The district court therefore decided that, even viewing the facts in the light most favorable to VitalGo, Kreg had established the first three elements of a breach of contract: the existence of a contract, its performance, and VitalGo’s breach. But it found Kreg’s case lacking with respect to the fourth element: damages. See, e.g. , Johnson v. Nextel Commc’ns, Inc. , 660 F.3d 131, 142 (2d Cir. 2011) (identifying the four elements of a breach-of-contract claim under New York law). Kreg had claimed losses from the breach, but it had not shown that the parties foresaw such losses when they made the agreement—as required to collect consequential damages under New York law. See, e.g. , Awards.com, LLC v. Kinko’s, Inc. , 42 A.D.3d 178, 834 N.Y.S.2d 147, 152 (2007). Kreg had also not established irreparable harm, a requirement for the injunctive relief Kreg requested. Yet not all was lost for Kreg, the district court explained. Under Federal Rule of Civil Procedure 54(c), a party can obtain any form of relief to which it is entitled—like monetary damages—even if the party did not expressly seek it.

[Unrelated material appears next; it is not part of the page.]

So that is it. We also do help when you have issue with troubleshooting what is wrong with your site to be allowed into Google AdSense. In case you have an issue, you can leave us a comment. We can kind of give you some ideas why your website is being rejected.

As to the additional territories, the district court saw no evidence of actual commitments from Kreg. The June 2011 emails evidenced only a willingness to commit. The district court thus granted in part and denied in part VitalGo’s motion and denied Kreg’s motion.

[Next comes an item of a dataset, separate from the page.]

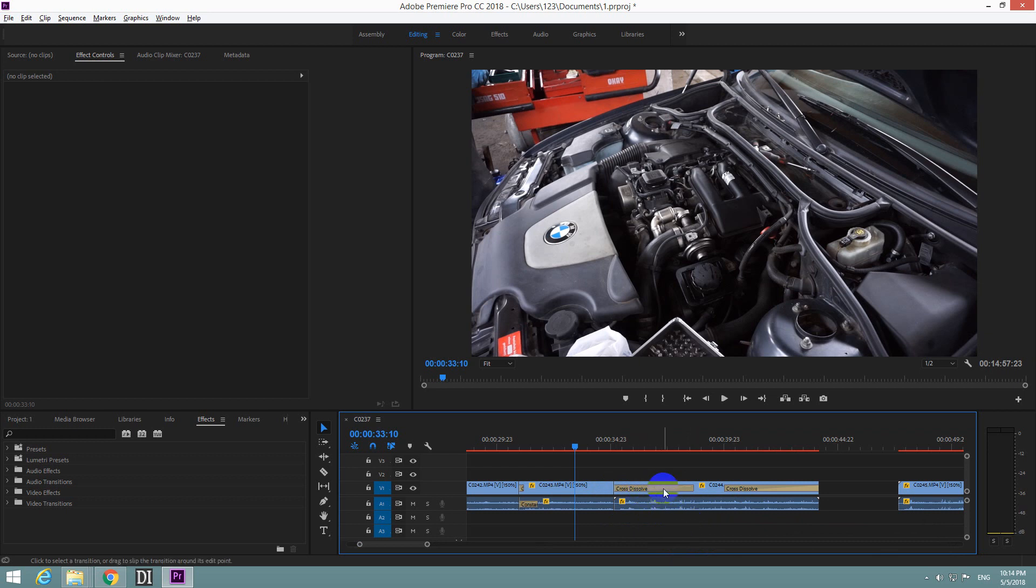OK, so that's how to modify the default transition duration in Premiere Pro 2018. All right.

The court held a status hearing the next month to chart the case’s course. VitalGo’s counsel failed to attend. Kreg’s counsel told the court that it read the summary-judgment opinion as, in part, a ruling under Federal Rule of Civil Procedure 56(g), which permits a court to "enter an order stating any material fact ... that is not genuinely in dispute and treating the fact as established in the case." Kreg’s counsel added that, after the opinion, "the only thing left" to address was damages with respect to the original territories. The district court agreed and set a briefing schedule for a second summary-judgment motion on damages.

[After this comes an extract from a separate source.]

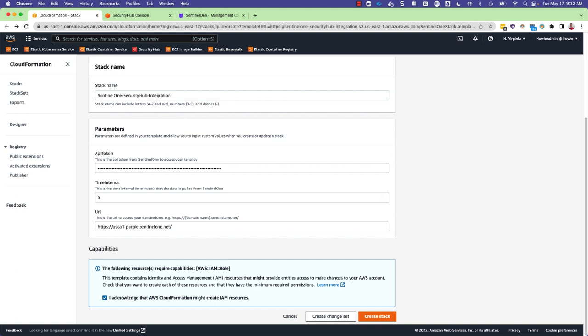Once the information is filled in, check the box to acknowledge that the CloudFormation template will create resources on your behalf and click Create Stack.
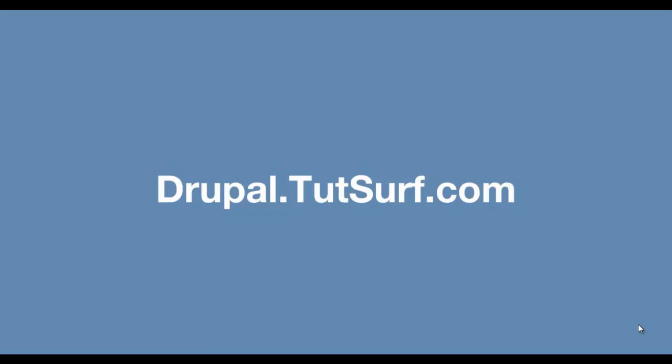Hi, my name is Charles. Welcome to JuJuSurf.com. In this video, I'm going to show you what we're going to do.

A couple months later, Kreg filed its second summary-judgment motion. VitalGo replaced its counsel before responding, and the court gave new counsel leave to take discovery on Kreg’s damages. When VitalGo did respond—this time in compliance with Rule 56.1—it addressed Kreg’s damages argument. But it also contended that Rule 56(g) should not apply, and that the issues of performance and breach should still be on the table. The district court, in ruling on the second motion, admitted that it should have cited Rule 56(g) in its first opinion, but it affirmed that its previous opinion established performance and breach as undisputed facts of the case....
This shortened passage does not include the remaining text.